In Apple v Samsung Electronics, the US District Court for the Northern District of California previously found that Samsung had infringed Apple’s design and utility patents, and diluted Apple’s trade dresses, making headlines when it awarded Apple more than $1 billion in damages. Samsung appealed and this week the US Court of Appeals for the Federal Circuit affirmed the jury’s verdict on the design patent infringements, the validity of two utility patent claims, and the damages awarded for the design and utility patent infringements appealed by Samsung, while reversing the jury’s findings that the asserted trade dresses are protectable.
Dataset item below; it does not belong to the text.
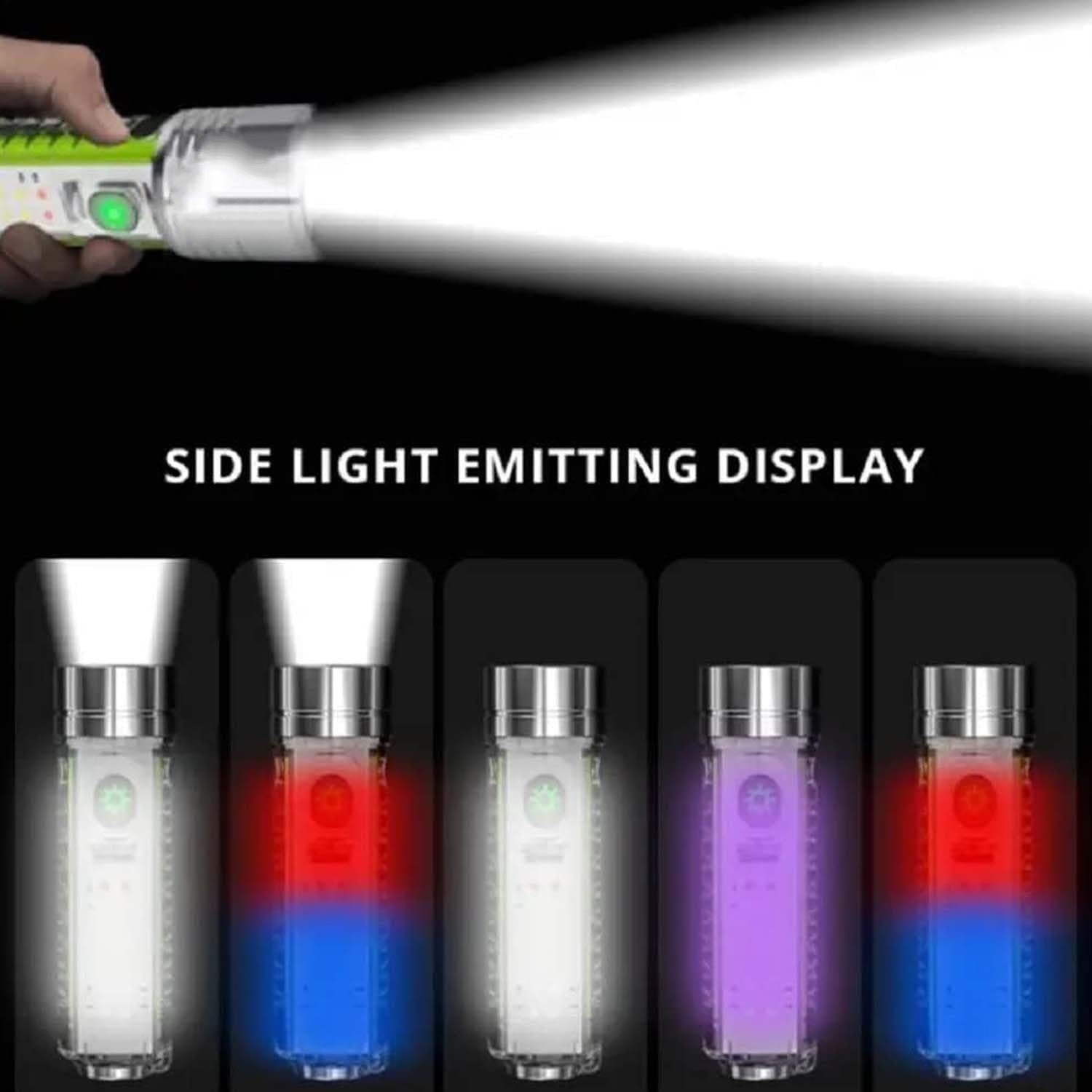 Pattern Flashlight USB Flashlight Rechargeable LED Torch Light (1 Pc) - Image 7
It therefore vacated the jury’s damages awards against the Samsung products that were found liable for trade dress dilution.
Leaving aside the utility patent aspects, it is the design patent and trade dress dimensions that are worth focusing on from a trademark practitioner’s perspective.
James H Donoian, partner at McCarter & English, comments: “The reversal of the trades dress claims isn’t surprising because it’s so difficult to protect trade dress when it’s a common geometric shape with functional characteristics. The iPhone may have suffered from a bit of both as the claimed trade dress included a rectangle with colourful icons under a flat screen. It’s difficult to imagine a touch screen handheld device without a flat screen and colourful icons to identify each app. The biggest lesson is to carefully define the trade dress.”
Considering the design patent and trade dress dimensions in tandem, Donoian suggests: “The reason for the court’s seemingly odd split between the design patent and the trade dress claims is due to the slight differences in the design patent drawings and the defined trade dress, and the difference between the Federal Circuit standard for the former and the Ninth Circuit standard for the latter (which doesn’t require a lot for functionality). So, strategy in framing claims needs to account for those possible differences and perhaps choice of venue where the claims include both types of IP rights and functionality may be an issue.”